Last week it was announced that Sir Paul Smith was going to be banding with the BFC to support a fresh round of young, rising stars in the British fashion-industry. He’s a beacon of sartorial masculinity, and still demonstrates his affinity for cool and crisp design. An apt announcement and one stemming from independent motivation to lend a helping hand.
This attitude of independence acted as a light focus for this season, which manifested in disparate, yet exacted looks. But that’s cool. People expect an overriding concept and despite that Smith manoeuvres around such protocols, while delivering something with punch.

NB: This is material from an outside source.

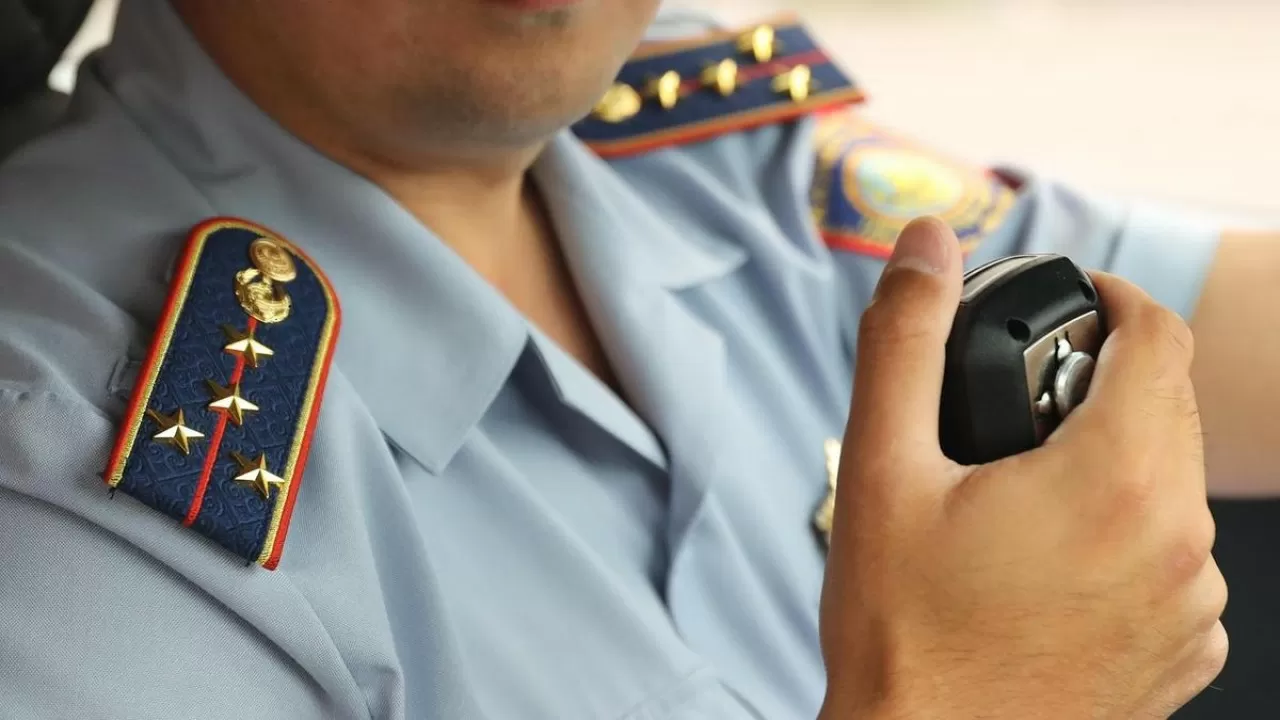 Жамбыл облысында қарулы полиция қызметкері ұсталды 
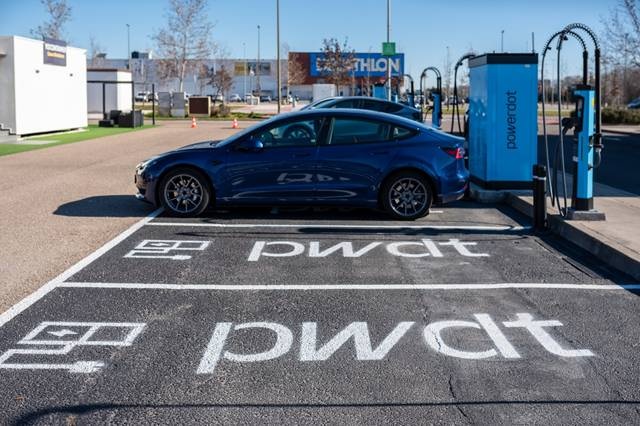 Powerdot y Chargemap lanzan la función 'Autocharge' para iniciar la recarga automática de un eléctrico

Keeping parts of inspiration anchored on domestic land, Paul Smith looked to British painter, customer – and friend – David Hockney for colour, encompassing the hues of summer with bolts of cobalt blue, burnt orange and sunshine yellows. Lamé lifted the clothes to contemporary heights, with metallic shimmers suffusing summery vibes right ’til the end.
Photographic prints, a signature of the brand, took centre stage in the collection. Mostly of nature, with ants taking a front-row seat: printed on tees, jackets and trousers, and even coming in the form of small pins placed on lapels. This air of eclecticism meant that points of inspiration were diverse, but nonetheless projected symbiotically. A craft exclusive to Smith – independent in mind, independent in execution.